DESCRIPTION OF THE TASK:
Drop the images; return everything else in the listing below exactly.

SUPPLIED DATA:
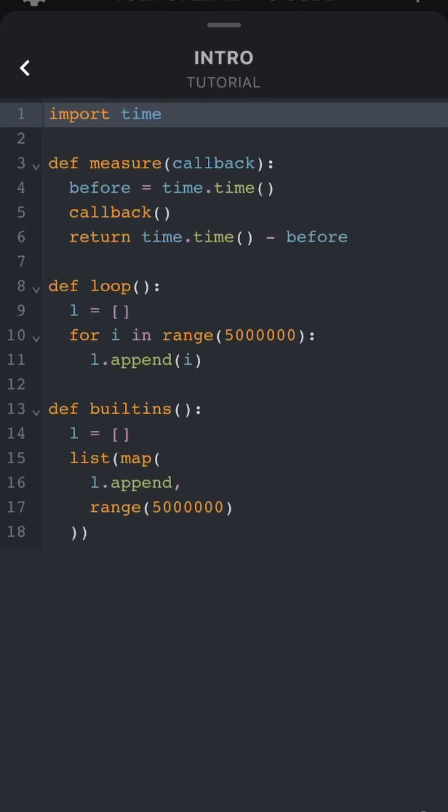Here we have two functions that do the exact same thing. The loop function simply uses a for loop and appends each item in a range of 5 million to a list.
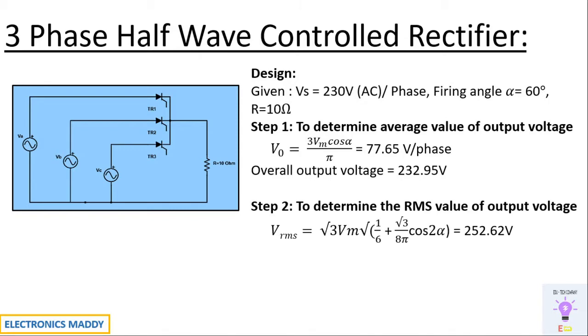So step two is to determine the RMS value of output voltage. We'll be substituting for the value of VRMS formula and you'll be getting 252.62 volt. So once we find the value of average and RMS value, we can consequently find the currents as well by dividing it by R.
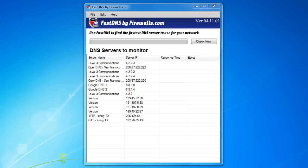Hello, Brian Reed here with Firewalls.com. In this video, I'm going to give you a quick walkthrough of our tool called FastDNS. FastDNS is a Windows-based application that you can use to test the performance of the DNS servers of both your local servers, your ISP, as well as some of the publicly available servers on the Internet.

RESPONSE:
Here we have two functions that do the exact same thing. The loop function simply uses a for loop and appends each item in a range of 5 million to a list.
So step two is to determine the RMS value of output voltage. We'll be substituting for the value of VRMS formula and you'll be getting 252.62 volt. So once we find the value of average and RMS value, we can consequently find the currents as well by dividing it by R.
Hello, Brian Reed here with Firewalls.com. In this video, I'm going to give you a quick walkthrough of our tool called FastDNS. FastDNS is a Windows-based application that you can use to test the performance of the DNS servers of both your local servers, your ISP, as well as some of the publicly available servers on the Internet.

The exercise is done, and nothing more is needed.